There was plenty of energy in the air at the post-screening dinner at Casa Cipriani. Heat lightning arced through the hazy night sky, dancing off Moore’s dress as she chatted with Paltrow on a balcony that quickly filled up with celebs and towering bodyguards. At the bar, Elliot Page, who appears in “The Tiger” as nepo failson Braxton Gucci, ordered a drink with Alia Shawkat, who plays a paramour from a rival ruling family that has just bought the state of Florida (the 30-minute film is deeply twisted and mildly Succession-esque).
“Obviously, Demna’s vision and his mind is pretty extraordinary and unique,” said Page, who hit the red carpet in Demna’s Balenciaga on several occasions over the years. “We’ve both been friends with Spike for a really long time,” Page continued, “so the thought of getting to work with Spike, and also Halina of course, and then the cast that came together, how could you say anything but—”
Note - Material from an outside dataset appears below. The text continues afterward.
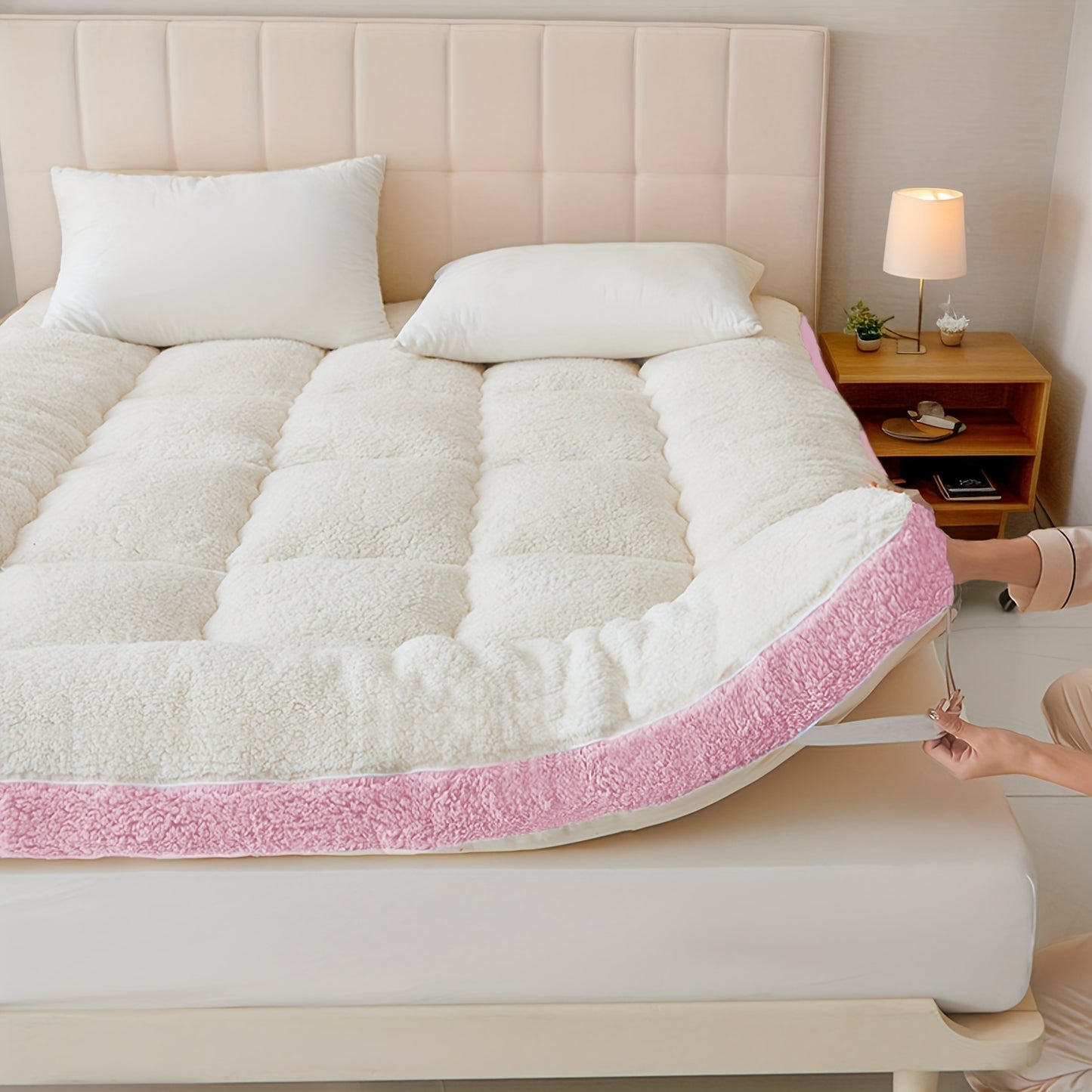 Sherpa fleece mattress topper, plush, hypoallergenic, machine washable, pull-on closure, quilted milk velvet fabric, 3-5cm thickness, provides warmth for autumn and winter.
“Hell yes!” Shawkat offered.
“It’s a foundation, you know?” Demna noted as dinner got underway. Nearby, models from “La Famiglia” milled about, the “Nerd” in his slim leather blazer and retro knit top smoking a cig with “Androgino,” who was wearing a skin-grazing sheer top. The designer added that Jonze and Reijn (of Babygirl fame) had total creative freedom over the film. The only mandate he gave them was a brief about a matriarch and her family and the lookbook. “I almost had to realize for myself the message of the film while making it, which was to give up control,” Demna said.
“The Tiger” is a high-budget fashion promo, sure, but it’s also the latest evolution of one of Demna’s soundest creative instincts, which is to expose the fashion establishment’s ridiculousness by holding up a funhouse mirror. (Like the time he made an entire Balenciaga Couture collection out of “streetwear” garments.) Demi Moore plays Barbara Gucci, a high-strung matriarch and designer who has invited a legendary Vanity Fair writer (a perfectly cast Ed Harris) to see her new collection (“La Famiglia”) and stay for a birthday banquet amidst a looming global catastrophe. Then real disaster strikes when a Gucci daughter (Keke Palmer) doses the libations with a trippy tincture.
On the balcony following the screening, guests wondered aloud what would happen to this party if someone dosed the champagne coupes. (Sequel alert!) Fai Khadra raised his glass to Alex Consani, who played the fur coat-swaddled “La Bomba” in the lookbook and the film, in which she swaggily delivered one of the best lines: “I’m the young, hot, rich bitch.”
“I think she came up with that one herself,” Khadra joked.
You could tell the film was made by fashion outsiders who share Demna’s healthy skepticism of the industry’s haughty traditions. A favorite moment was when Page melts down over a black tie dress code faux pas with the gravity of a Shakespearean soliloquy. As Demna told Vogue, “Her is probably one of my favorite movies, conceptually. And I really wanted to work with someone who could bring a strong artistic dimension to it. So it’s not an ad, it has a depth and artistic point of view.”
Against the mess that the industry finds itself in—a crisis of overly serious, blah-blah clothes—it was hard not to see a metaphor in the catastrophe looming over the Gucci family dinner. Amidst the chaos, Ed Harris asks Demi Moore, “Why fashion?” A look of stone-cold fear on her face, she replies, “I don’t know.” Exactly! Demna seems to be suggesting that if Gucci, or any brand at the pinnacle of the luxury establishment, can’t poke fun at itself, why take it seriously at all?
As the party wound down, guests couldn’t help but speculate about how Demna will wow us come February. “It’s like taking a sip of dosed champagne,” mused Devon Lee Carlson. “You don’t know what’s going to happen.” So far, at least, Gucci’s new auteur has a hit on his hands.